Le mouvement du marché vers des valeurs défensives n’est pas un simple rebond Une autre réaction du marché a été de passer des secteurs cycliques à des secteurs défensifs. Sans surprise, les derniers cités ont enregistré une sur-performance pendant la correction. Les investisseurs optent ainsi pour les revenus stables des entreprises non cycliques, qui sont moins affectées par un ralentissement macroéconomique que les entreprises cycliques. Selon M. Cornelissen, ceci est bien plus qu’un rebond à court terme des secteurs défensifs. Une nouvelle sur-performance est donc probable. « À ce stade, nous considérons qu'il est prudent de modifier notre positionnement sectoriel en une position plus défensive », affirme-t-il.

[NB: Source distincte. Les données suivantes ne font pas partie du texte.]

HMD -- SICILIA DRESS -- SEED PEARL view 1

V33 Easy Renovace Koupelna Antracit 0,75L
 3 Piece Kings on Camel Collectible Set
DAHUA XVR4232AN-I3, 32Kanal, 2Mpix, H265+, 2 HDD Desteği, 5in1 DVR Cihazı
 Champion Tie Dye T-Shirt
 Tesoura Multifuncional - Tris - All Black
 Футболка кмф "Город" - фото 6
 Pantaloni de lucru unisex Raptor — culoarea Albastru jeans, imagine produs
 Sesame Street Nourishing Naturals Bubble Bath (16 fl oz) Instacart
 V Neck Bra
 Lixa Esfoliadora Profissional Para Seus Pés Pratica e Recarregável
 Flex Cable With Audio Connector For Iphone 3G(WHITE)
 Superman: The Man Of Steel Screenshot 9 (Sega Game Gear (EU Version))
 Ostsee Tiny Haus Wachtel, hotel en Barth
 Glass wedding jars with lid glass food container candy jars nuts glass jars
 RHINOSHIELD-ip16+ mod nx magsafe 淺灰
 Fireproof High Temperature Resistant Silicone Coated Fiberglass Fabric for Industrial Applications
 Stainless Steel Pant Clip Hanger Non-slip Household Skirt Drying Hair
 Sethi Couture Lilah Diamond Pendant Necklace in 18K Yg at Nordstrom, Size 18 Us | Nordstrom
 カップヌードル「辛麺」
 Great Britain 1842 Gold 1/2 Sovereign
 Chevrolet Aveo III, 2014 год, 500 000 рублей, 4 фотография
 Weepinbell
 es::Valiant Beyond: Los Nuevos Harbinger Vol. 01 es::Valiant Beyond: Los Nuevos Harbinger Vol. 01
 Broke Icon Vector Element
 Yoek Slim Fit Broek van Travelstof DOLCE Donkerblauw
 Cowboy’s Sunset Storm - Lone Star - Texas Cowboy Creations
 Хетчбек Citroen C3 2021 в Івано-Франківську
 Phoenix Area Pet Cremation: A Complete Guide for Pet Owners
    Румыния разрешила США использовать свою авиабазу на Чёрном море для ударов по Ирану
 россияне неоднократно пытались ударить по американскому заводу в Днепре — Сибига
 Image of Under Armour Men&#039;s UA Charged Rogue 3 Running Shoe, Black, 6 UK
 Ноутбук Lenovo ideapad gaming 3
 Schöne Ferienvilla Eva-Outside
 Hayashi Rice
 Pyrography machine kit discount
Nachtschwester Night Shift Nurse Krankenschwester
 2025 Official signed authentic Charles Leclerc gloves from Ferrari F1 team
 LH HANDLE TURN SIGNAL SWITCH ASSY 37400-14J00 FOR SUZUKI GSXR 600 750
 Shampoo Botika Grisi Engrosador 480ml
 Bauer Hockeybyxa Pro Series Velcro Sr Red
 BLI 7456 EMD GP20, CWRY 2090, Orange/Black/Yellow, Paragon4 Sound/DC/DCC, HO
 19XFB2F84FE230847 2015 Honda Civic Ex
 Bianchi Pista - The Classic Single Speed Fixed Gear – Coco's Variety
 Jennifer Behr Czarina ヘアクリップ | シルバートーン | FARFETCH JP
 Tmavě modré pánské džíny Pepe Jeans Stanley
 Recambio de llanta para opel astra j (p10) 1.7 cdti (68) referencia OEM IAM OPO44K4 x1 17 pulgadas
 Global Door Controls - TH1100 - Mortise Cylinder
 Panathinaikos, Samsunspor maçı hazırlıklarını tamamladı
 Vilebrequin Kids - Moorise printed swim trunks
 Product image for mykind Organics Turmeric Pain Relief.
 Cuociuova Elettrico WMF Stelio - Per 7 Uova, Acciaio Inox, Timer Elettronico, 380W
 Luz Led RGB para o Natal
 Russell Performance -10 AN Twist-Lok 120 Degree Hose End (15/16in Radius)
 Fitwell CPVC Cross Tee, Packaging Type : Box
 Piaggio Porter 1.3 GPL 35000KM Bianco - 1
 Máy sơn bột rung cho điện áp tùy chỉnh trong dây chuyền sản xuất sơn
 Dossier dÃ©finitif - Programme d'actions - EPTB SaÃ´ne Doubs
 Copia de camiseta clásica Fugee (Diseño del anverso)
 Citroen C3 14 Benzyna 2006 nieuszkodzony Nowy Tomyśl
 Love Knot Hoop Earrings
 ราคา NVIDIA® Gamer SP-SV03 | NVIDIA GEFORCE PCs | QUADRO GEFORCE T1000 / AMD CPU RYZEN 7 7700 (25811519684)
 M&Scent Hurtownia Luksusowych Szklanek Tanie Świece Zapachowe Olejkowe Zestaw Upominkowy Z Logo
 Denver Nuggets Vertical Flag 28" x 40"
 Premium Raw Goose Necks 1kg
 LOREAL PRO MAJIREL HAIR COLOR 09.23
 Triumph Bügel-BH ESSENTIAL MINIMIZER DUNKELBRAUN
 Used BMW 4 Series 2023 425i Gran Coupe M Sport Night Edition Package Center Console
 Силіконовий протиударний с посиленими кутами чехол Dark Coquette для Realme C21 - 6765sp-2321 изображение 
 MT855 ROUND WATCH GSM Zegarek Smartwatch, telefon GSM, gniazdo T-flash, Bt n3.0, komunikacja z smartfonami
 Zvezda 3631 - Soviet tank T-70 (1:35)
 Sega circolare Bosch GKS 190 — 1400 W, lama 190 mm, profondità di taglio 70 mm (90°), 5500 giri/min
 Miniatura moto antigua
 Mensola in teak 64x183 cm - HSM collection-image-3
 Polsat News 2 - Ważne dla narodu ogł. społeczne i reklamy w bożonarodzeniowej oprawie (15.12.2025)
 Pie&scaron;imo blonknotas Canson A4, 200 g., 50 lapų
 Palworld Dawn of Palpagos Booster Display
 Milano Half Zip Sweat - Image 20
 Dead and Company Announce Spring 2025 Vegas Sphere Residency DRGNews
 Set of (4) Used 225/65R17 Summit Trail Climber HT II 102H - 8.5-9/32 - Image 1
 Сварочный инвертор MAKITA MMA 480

Les industrielles rabaissées à neutre et les télécommunications désormais privilégiées Ce mouvement des secteurs cycliques aux secteurs défensifs a été réalisé en passant d’une position modérément positive à neutre sur le secteur cyclique des industrielles, de même qu’en modifiant la position négative en position positive sur le secteur défensif des télécommunications. L’amélioration récente du taux de révisions des bénéfices de ce secteur, qui reflète les surprises positives qui ont eu lieu, constitue un élément en faveur de perspectives plus optimistes pour ce secteur. L’autre modification dans le positionnement de l'équipe a consisté à devenir plus pessimiste quant aux financières. M. Cornelissen et ses collègues avaient déjà un avis négatif sur ce secteur. M. Cornelissen indique trois facteurs négatifs majeurs pour les financières. Premièrement, les surprises en matière de bénéfices sont en décalage sur le marché. Deuxièmement, il existe une incertitude quant à une future régulation. Et troisièmement, la crise de la dette souveraine pourrait considérablement nuire aux financières.